Defibrillation, first conceptualized in 1898, advanced significantly with the creation of the first implantable pacemaker in 1958 and the development of fully automated external defibrillators by the late 1970s (Altman and Arne 2002). These devices could autonomously analyze and respond to heart rhythms. Over the course of nearly six decades, researchers brought together diagnostic and therapeutic technologies to create fully integrated closed-loop systems capable of proactively monitoring and maintaining patient health (Diack et al. 1979). While invasive closed-loop bioelectronic therapies have faced extended timelines for regulatory approval, the development of non-invasive technologies has accelerated. Non-invasive systems benefit from reduced preclinical, clinical, and regulatory hurdles, enabling faster innovation and widespread availability. Despite these advances, there is still a need for minimally invasive and invasive systems. Non-invasive technologies often face limitations compared to invasive systems in terms of precision of their temporal and spatial resolution, both in recording and neuromodulation. As bioelectronic medicine continues to evolve, both invasive and non-invasive approaches will need to advance in parallel to provide tailored, high-precision therapies that meet the unique needs of individual patients Fig. 1.
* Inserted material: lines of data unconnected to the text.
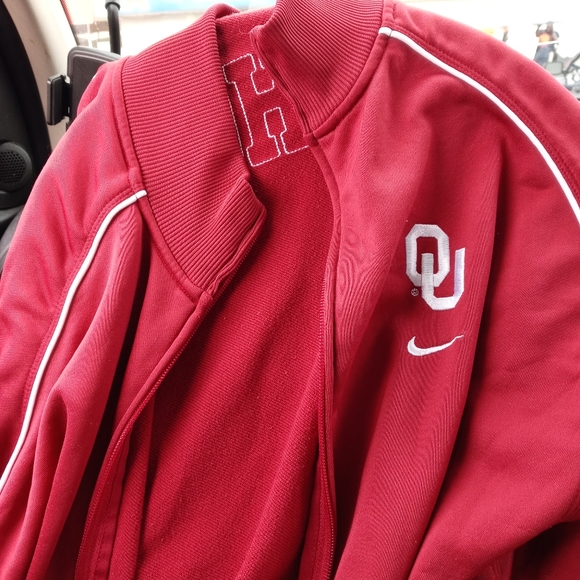Zip up - Picture 1 of 2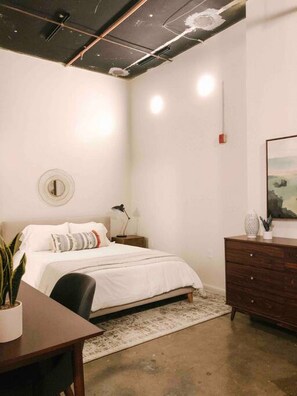 1 bedroom, desk, iron/ironing board, WiFi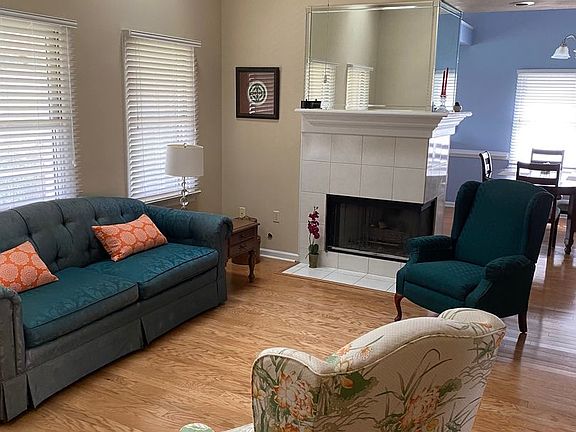 5th image of 2949 Hillcreek Dr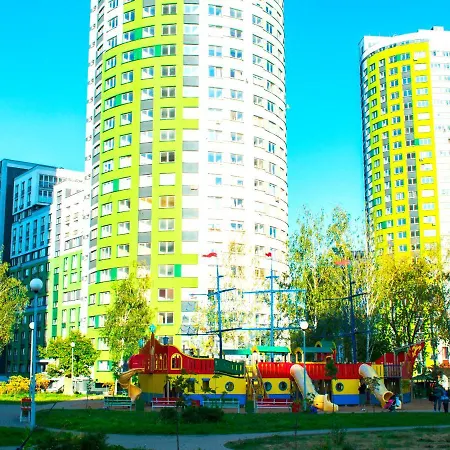 Jacuzzi New Loft Apartcomplex Kaskad, Минск - Центр Города ミンスク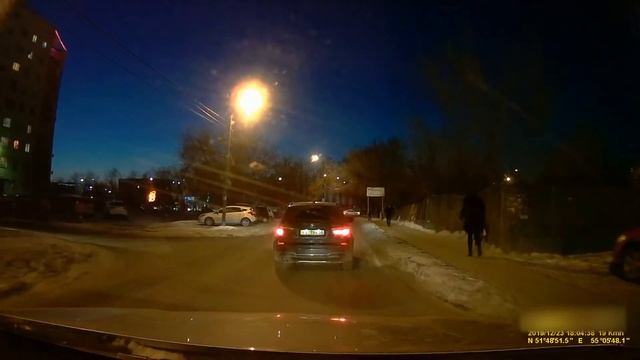 Чуть не сбили пацана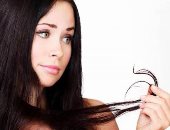 وصفات طبيعية بالموز والأفوكادو والزيوت لتقليل هيشان الشعر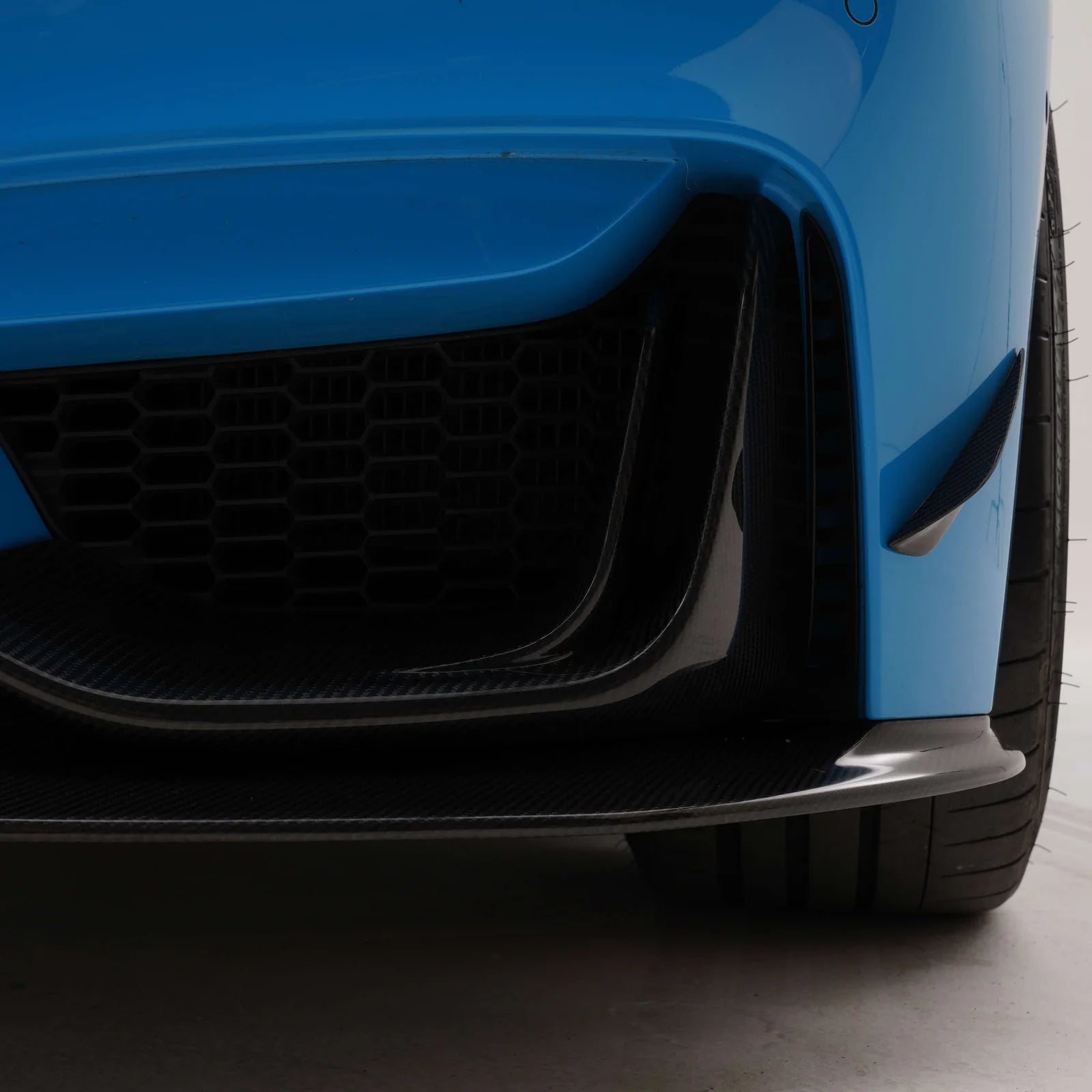 BMW M3 F80 & M4 F82 F83 PRE-PREG CARBON FIBRE FRONT AIR DUCTS BY ADRO (2014-2020)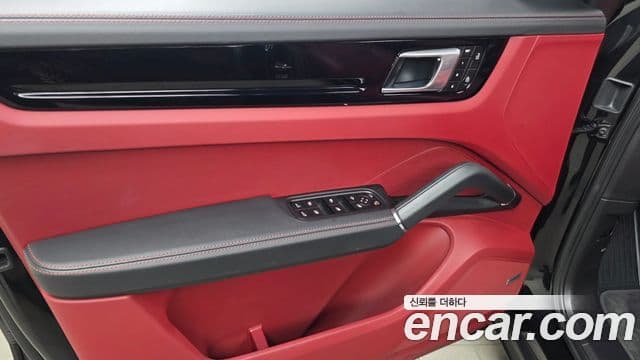 Porsche Cayenne 2022 — Photo 3/32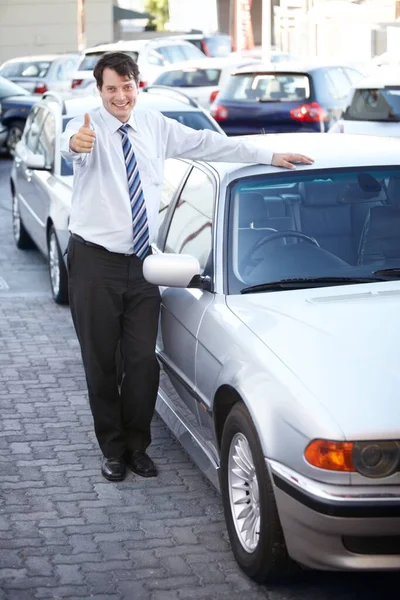 Sen doğru seçimi yaptın. Bir araba satıcısı galerisindeki bir arabanın yanında dururken sana onay veriyor.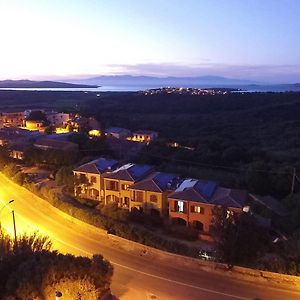 אפרטהוטל פורטו פולו Residenze L'Isola Surf House Exterior photo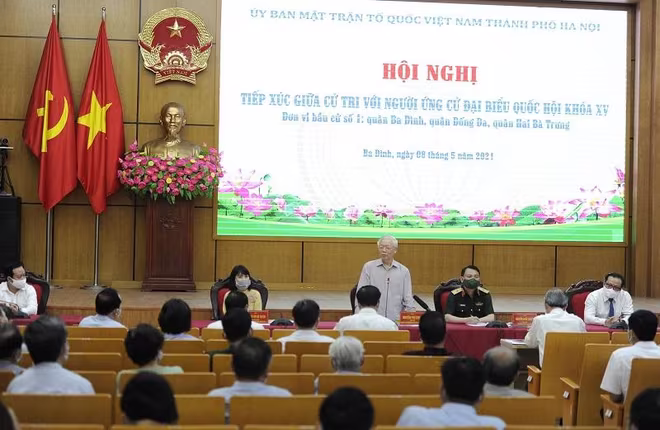 Quang cảnh buổi tiếp xúc cử tri Quang cảnh buổi tiếp xúc cử tri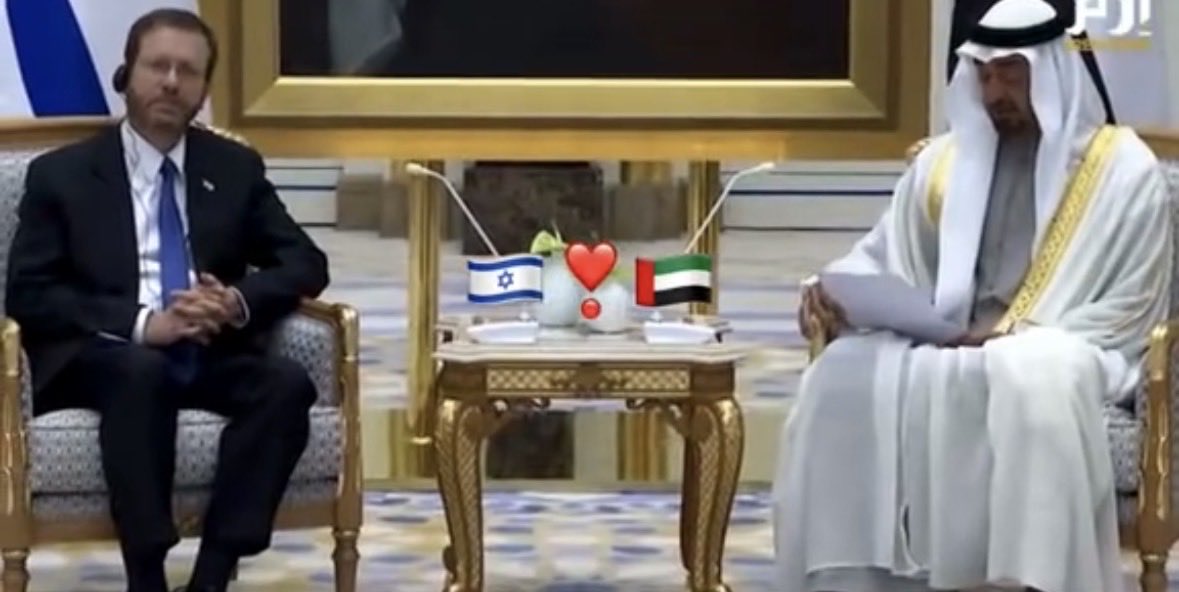 Me0i1uy's tweet photo. @dh49923 @Saudmfcf @zayedbinkhaled @khaledinho_5 @saifcaio شكرا مانبي 😍 https://t.co/jxJ7w2BlPn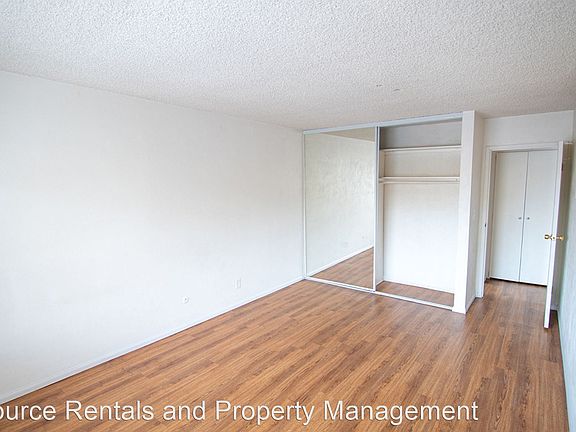 3rd image of 1645 Emerald St APT 1I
Closed Loop Neuromodulation/Cardiac Devices: input a signal that modulates the output of the neuromodulation target (Dark Orange Arrows = sensing, Light Green Arrows = Stimulation). By definition, closed loop neuromodulation requires a continuous sensing modality that then continuously modifies the stimulation parameter. Autonomic Neuromodulation may include invasive electrical neural stimulation, as well as non-invasive electrical (e.g., transcutaneous vagus nerve stimulation (tcVNS)] and directed energy devices that contribute to autonomic nervous system modulation effects, (e.g., with splenic focused ultrasound stimulation (sFUS)). Current devices on the market include conventional cardiac pacemakers (Diack et al. 1979) (A), and Closed Loop Evoked Compound Action Potential (ECAP) spinal cord stimulation (SCS) marketed for pain (Caylor et al. 2019) (B). Recent advances in brain recording have resulted in development of Close Loop Deep Brain Stimulation (DBS) and Closed Loop Transcranial Magnetic Stimulation (TMS) (C). Closed Loop DBS is now FDA approved for Parkinson’s Disease (PD) and epilepsy, while other disease states are currently being studied (e.g., PTSD or Depression (Widge 2023), Pain (Shirvalkar et al. 2018), and Alzheimer's Disease (Ríos et al. 2022; Hell et al. 2019)). Future Closed Loop Autonomic Neuromodulation (D) is under development in which inflammation is sensed with Autonomic Neurography (ANG) that can then drive autonomic neuromodulation delivered or to hone in on the dosage, aimed to amplify the body’s own vagus-driven anti-inflammatory reflex, thus throttling down inflammation by regulating macrophages that circulate through the spleen
The review of past closed loop neuromodulation or cardiac devices provides the necessary context to understand the evolution of the next generation of non-invasive closed loop bioelectronic medicine, particularly in relation to the development from invasive to minimally invasive and now towards non-invasive closed loop bioelectronic medicine systems. Collectively, by emphasizing key past milestones in pacemakers, DBS, SCS, prosthetics, wearable technologies, TMS, and ANS neuromodulation, we aim to underscore how these core innovations have shaped the modern landscape and provide a road map for future development of non-invasive closed loop bioelectronic medicine technologies.
Main text
Modern era of non-invasive bioelectronic medicine
Compared to the experience with pacemakers and automated external defibrillators, there has recently been a rapid expansion of bioelectronic medicine from foundational science and diagnostics to therapeutics with systems approaching closed loop implementation with commercially viable technologies. In the 2010s, National Institutes of Health (NIH) pushed the field of bioelectronic medicine ahead at an accelerating pace with the NIH Stimulating Peripheral Activity to Relieve Conditions (SPARC) program to map, characterize, and understand how the human nervous system regulates and responds to organ function. The SPARC program is enabling discoveries in the realm of anatomy, physiology, diagnostics, and therapeutics all in parallel (Qashu 2024). For example, recent work from the SPARC program has brought forward the Center for Autonomic Nerve Recording and Stimulation Systems (CARSS) team; they are developing open-source solutions for recording and stimulating peripheral nerves (Pikov n.d.), highlighting the field is moving toward funding these closed loop solutions.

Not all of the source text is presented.